2. The Lady Bird Johnson Park and Lyndon Banes Johnson Memorial Grove

These are two of Arlington’s lesser-known outdoor spaces bursting with autumnal color. From this place of reflection, you’ll be able to see the Potomac River, the Navy-Merchant Marine Memorial, the Lincoln Memorial and the Washington Monument. You can enter these parks from the Mount Vernon Trail and the Columbia Island Marina’s parking lot.

3. Long Branch Nature Center

Bring the family to enjoy the easy walking trails at Long Branch Nature Center. The park is the home to scarlet maple trees and yellow pawpaw trees which glow in the sunlight and provide a home for native woodland creatures like turtles and foxes.

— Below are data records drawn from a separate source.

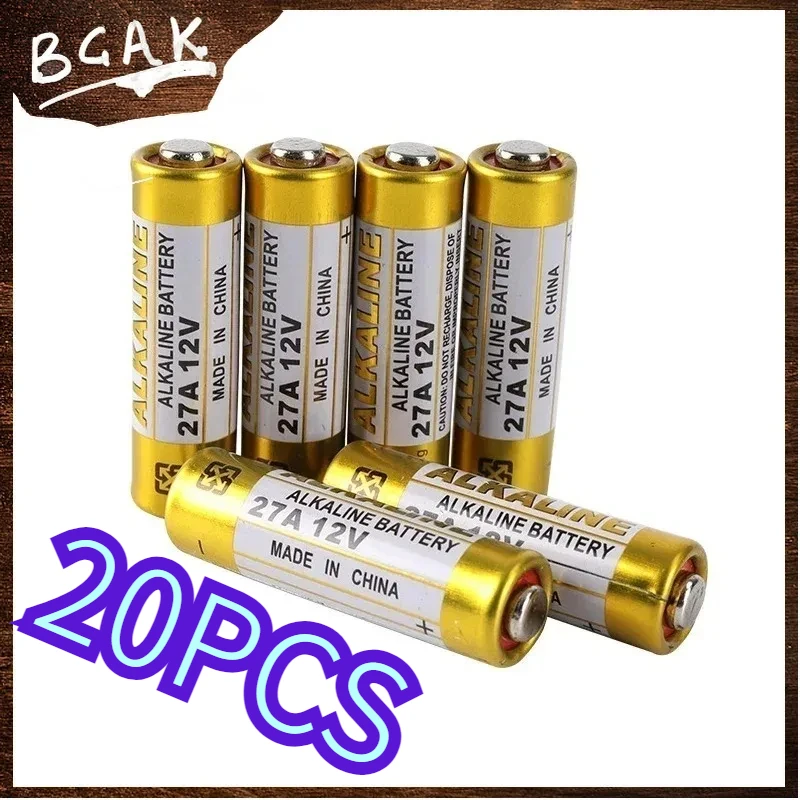 20PCS Universal 12V A27 27A G27A MN27 MS27 L828 alkaline battery toy doorbell alarm remote control V27GA ALK27A A27BP K27A
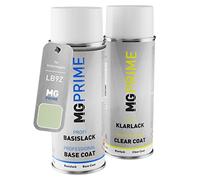 MG PRIME Vernice per auto Kit di bombolette a spruzzo per Volkswagen VW LB9Z / B9Z / K8 White Silver Metallic/Edelweiss Vernice di base vernice trasparente 400ml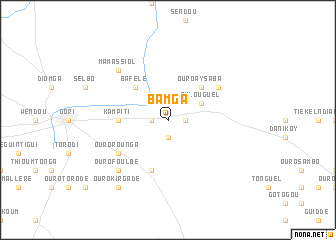 Bamga (Burkina Faso) map - nona.net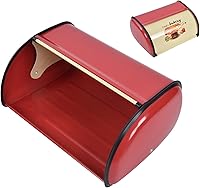 Vista 8 de CHICIRIS Panera para pan, almacenamiento de pan, caja de pan de metal para encimera de cocina, contenedor de gran capacidad con tapa superior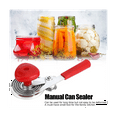 thumbnail image 5 of 2Pcs Portable Manual Can Sealer, Seaming Machine Silver Can Sealer for Jars Manual Canning Household Kitchen Tool, 5 of 5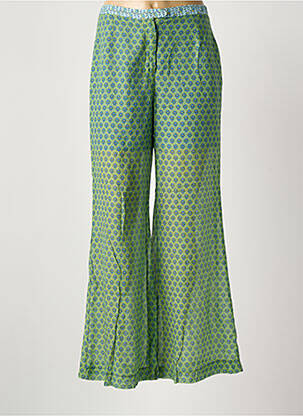 Pantalon large taille normale taille normale vert MALIPARMI femme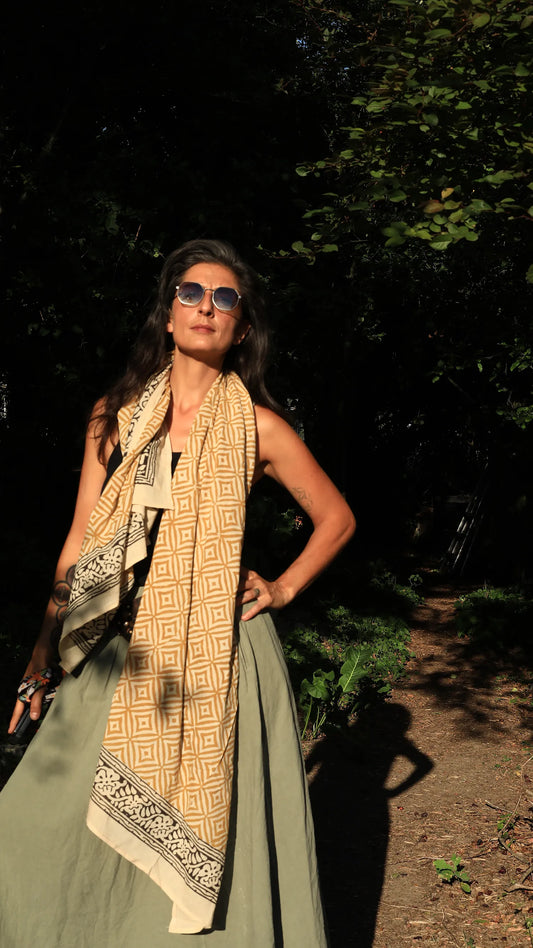 Indian Cotton Scarf II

Potomac Overlook natural setting with trees and grass in Arlington VA
Potomac Overlook Regional Park/Credit: Jake McGuire

4. Lubber Run Park

Bikers and hikers enjoy the trails scattered through the forest in Lubber Run Park. The pond there is enveloped by a circle of flamboyant trees reflecting onto the still water, until a leaping frog disturbs the calm. It’s a popular spot for birdwatching, so bring your binoculars.

5. The Mount Vernon Trail

Another way to enjoy the autumn colors is to walk or bike along the Mount Vernon Trail, a national park with unobstructed views of Washington D.C.’s monuments and memorials. This 18-mile paved trail runs between the George Washington Memorial Parkway and the Potomac River. You can access it from numerous points in Arlington including Gravelly Point Park. For information about the sights you’ll see along the way, check here.

Theodore Roosevelt Island Park outside of Arlington Virginia
Theodore Roosevelt Island/Credit: Jake McGuire

6. Potomac Overlook Regional Park

Explore wooded trails in Potomac Overlook Regional Park where you'll discover everything from organic gardens to an old Indian village site as you wander rustic paths leading to the Potomac River. Among the brilliant shades of autumn, there are streams to cross and a nature center to visit. A map of the 70 acres of trails can be found here

7. Theodore Roosevelt Island

Take a woodsy walk on the meandering pathways of Theodore Roosevelt Island. This 91-acre island sanctuary on the Potomac River pays tribute to the nation's 26th president, who was an avid outdoorsman and naturalist. From the trails, you’ll catch glimpses of the gleaming skyscrapers of Rosslyn, the spires of Georgetown University and the bustling Washington Harbour. For a map of the trails, check here

Couple walking in Arlington's Westover neighborhood in autumn
Westover Neighborhood/Credit: Cameron Davidson

Arlington's neighborhoods are also good places to see fall foliage, as they are committed to protecting tree-lined routes and public parks. Each neighborhood has its own unique energy and personality, warmly welcoming visitors to enjoy all the fall colors it has in store. From Gateway Park’s ornamental garden in the Rosslyn neighborhood, to Long Bridge Park’s cherry trees in Crystal City, to the paperbark maple trees planted at the National 9/11 Pentagon Memorial in Pentagon City, there are hidden gems everywhere you turn.